From the DB side this can be done anytime

RobH removed RobH as the assignee of this task.Aug 14 2019, 4:51 PM
wiki_willy renamed this task from b1-eqiad pdu refresh to b1-eqiad pdu refresh (Thursday 10/10 @11am UTC).Aug 15 2019, 5:33 PM
CDanis triaged this task as Medium priority.Aug 16 2019, 1:01 PM
Gehel added a subscriber: Gehel.

Change 541707 had a related patch set uploaded (by Marostegui; owner: Marostegui):
[operations/mediawiki-config@master] db-eqiad.php: Depool es1013, es1014

https://gerrit.wikimedia.org/r/541707

Change 541707 merged by jenkins-bot:
[operations/mediawiki-config@master] db-eqiad.php: Depool es1013, es1014

https://gerrit.wikimedia.org/r/541707

Mentioned in SAL (#wikimedia-operations) [2019-10-09T05:45:10Z] <marostegui@deploy1001> Synchronized wmf-config/db-eqiad.php: Depool es1013, es1014 T227536 (duration: 01m 00s)

Mentioned in SAL (#wikimedia-operations) [2019-10-10T05:47:40Z] <marostegui> Depool db1084 db1083 db1076 db1118 for PDU maintenance - T227536

Mentioned in SAL (#wikimedia-operations) [2019-10-10T05:51:55Z] <marostegui@cumin1001> dbctl commit (dc=all): 'Depool db1112 for PDU maintenance T227536', diff saved to https://phabricator.wikimedia.org/P9294 and previous config saved to /var/cache/conftool/dbconfig/20191010-055153-marostegui.json

Mentioned in SAL (#wikimedia-operations) [2019-10-10T07:55:12Z] <marostegui> Stop MySQL on es1014 es1013 db1084 db1083 db1077 db1076 db1112 db1124 db1118 for on-site PDU maintenance (this will generate lag on labsdb hosts) - T227536

All the databases, es1013, es1014 and dbproxy1014 are good to go.

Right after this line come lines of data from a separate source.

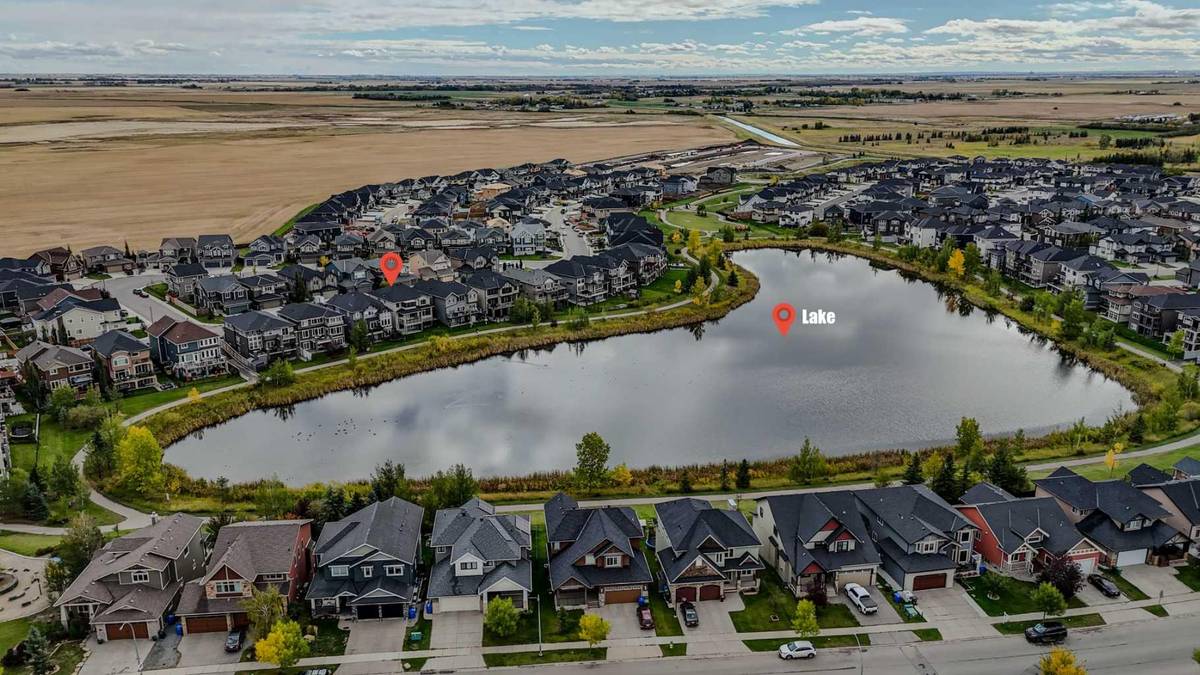 Chestermere, AB T1X0V1,128 Kinniburgh LOOP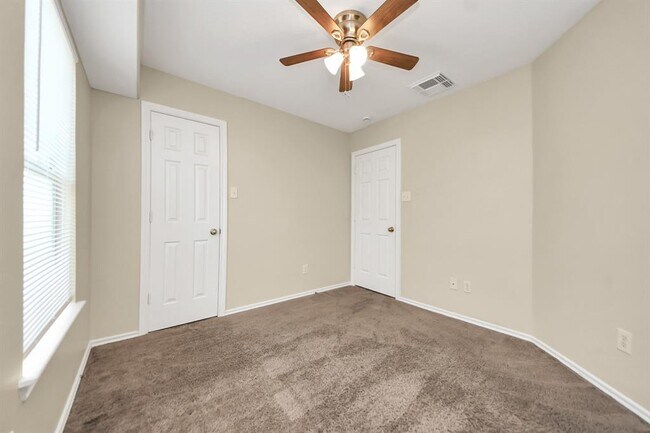 Building Photo - 8763 Thistlemoor Ln
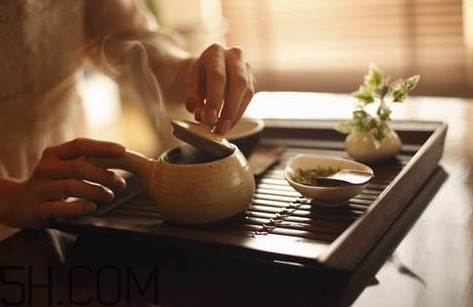 玫瑰花茶能和蜂蜜一起喝嗎？玫瑰花茶能放冰糖嗎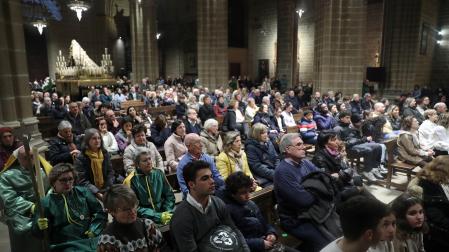 Fotos de los actos que han sustituido a la procesión de Viernes Santo, suspendida en Pamplona.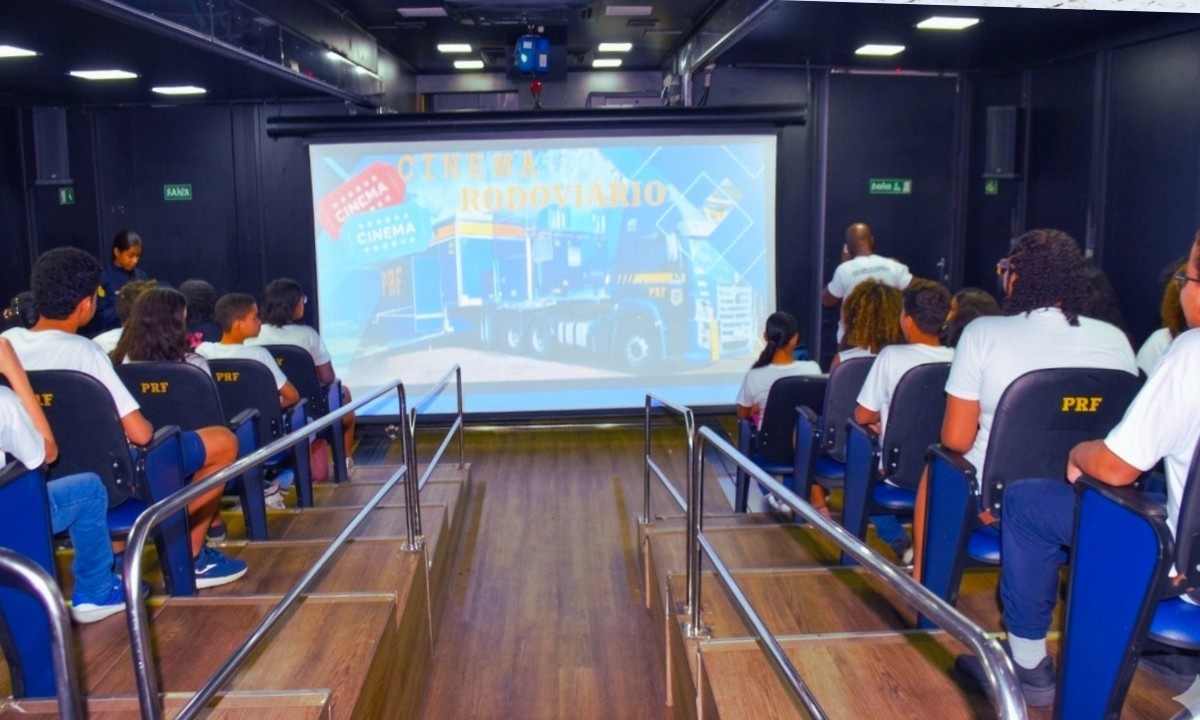 Carreta do Cinema da PRF: Uma Análise da Estratégia Educativa e seus Efeitos Regionais na Bahia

dbstore1004 needs to be handled by @elukey, so please coordinate with him before working on that one.

Mentioned in SAL (#wikimedia-operations) [2019-10-10T11:35:56Z] <arturo> icinga downtime cloudvirt1026 for 2h (T227536)

Mentioned in SAL (#wikimedia-operations) [2019-10-10T11:36:33Z] <arturo> icinga downtime cloudvirt1025 for 2h (T227536)

Mentioned in SAL (#wikimedia-operations) [2019-10-10T11:37:16Z] <arturo> icinga downtime cloudvirt1023 for 2h (T227536)

Mentioned in SAL (#wikimedia-cloud) [2019-10-10T11:59:53Z] <arturo> network switch hardware is down affecting cloudvirt1025/1026 (T227536) VMs are supposed to be online but unreachable

Swap is finished everything is back up with redundant power..
updated netbox with for old and new pdu.

Jclark-ctr updated the task description. (Show Details)
Jclark-ctr added a subscriber: Jclark-ctr.

Change 542321 had a related patch set uploaded (by Ayounsi; owner: Ayounsi):
[operations/puppet@production] PDUs: add model sentry 4 to eqiad b1 and a2

https://gerrit.wikimedia.org/r/542321

Change 542321 merged by Ayounsi:
[operations/puppet@production] PDUs: add model sentry 4 to eqiad b1 and a2

https://gerrit.wikimedia.org/r/542321

RobH removed RobH as the assignee of this task.